Ela que estará também no seu próximo filme, O Pão, a adaptação da Seara de Vento.
A possibilidade de fazer a adaptação da Seara de Vento surgiu durante a rodagem de Alentejo Alentejo, em que me aconselharam a leitura desse livro do Manuel da Fonseca. Eu percebi como era importante pela história mais telúrica e pelo seu conteúdo mais social. Quando comecei a ler o livro percebi como a personagem feminina principal, a Amanda Carrusca, uma personagem totalmente torcida, era já a Isabel Ruth chapada. O que não lhe agradou muito, apesar de gostar da personagem.
O filme já está pronto?
Está quase pronto. Só não sabemos o festival internacional onde irá estrear. Por isso a estreia em Portugal será apenas posterior.
Estreará apenas em 2018?
Ainda não tenho a certeza. Talvez seja Berlim no ano que vem, mas não faço ideia. A distribuidora internacional acha que é mais um filme para Berlim. Não sei se o apresentamos antes. A diferença em relação ao Manuel da Fonseca é que há um lado romântico, apesar dele ter uma escrita muito sega. Mas há um lado romântico em que ainda existiam os “amanhãs que cantam”. Na minha interpretação, no meu filme, não há “amanhãs que cantam” para ninguém. Há ricos e pobres, e há pobres que são sempre esmagados, aconteça o que acontecer.
O Alentejo que faz parte da alma da tua família, certo?
Com certeza. O meu pai, Miguel Urbano Rodrigues, que faleceu há um mês, não só era um alentejano apaixonado pela sua terra, que me levou muito cedo a conhecer a vida difícil das pessoas de lá, como era também um comunista mais revolucionário e idealista que o conformado partido comunista de hoje. Era uma pessoa que podia estar em desacordo com o partido e com a política cubana, mas que teria pegados nas armas para defender Cuba. Eu, contrapartida, não é a falta de ímpeto para fazer as coisas, porque isso eu tenho, falta-me é a fé nos ideais. Acho que o poder corrompe e é difícil proclamar que há um futuro radioso onde quer que ele esteja.
Só para terminar, como começou essa vontade de comunicar desta forma, de fazer cinema?

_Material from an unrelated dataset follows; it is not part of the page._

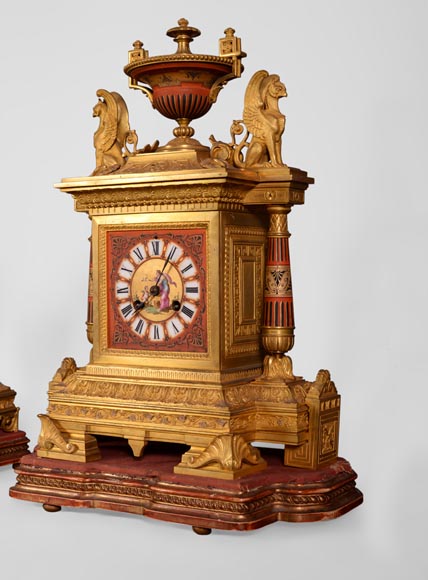 Porcelain and gilded bronze clock set with griffin Porcelain and gilded bronze clock set with griffin-1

Eu era adolescente quando descobri na Cinemateca um ciclo do Joris Ivens. E fiquei apaixonado por ele, foi uma espécie de ídolo para mim a partir daí. Também ajudou o facto da minha casa, ainda no Brasil, ter estado sempre cheia de jornalistas e correspondentes internacionais, do Le Monde, do New York Times, chegados dos quatro cantos do mundo. Mas ao descobrir o documentário de uma forma mais abrangente, com o Joris Ivens foquei apaixonado pelo documentário. Depois, muitos dos meus amigos faziam cinema, o que também ajudou. Isto apesar de eu estudar Filosofia, nada tinha a ver com fazer cinema. Aí comecei por escrever guiões, que não tinham nada de documental, aliás eram completamente delirantes, adaptações dos diálogos de Platão para apresentar ao ICA. Todos os meus projetos fantasiosos nunca encontravam o dia. Finalmente, foi ao escrever documentário que comecei a fazer cinema. Embora haja um acurta metragem, essa sim, completamente fantasista, que é o meu primeiro filme, em 1992, que é o Alcibíades, que foi apresentado em Locarno. Mas isso acabou por ser uma influência de muitos, Por exemplo, a Maria de Medeiros que era minha amiga de infância, e que começou a fazer filmes, bem como a Teresa Villaverde. Mas eu não entendia nada do ponto de vista técnico. Pouco a pouco, fui aprendendo o cinema fazendo.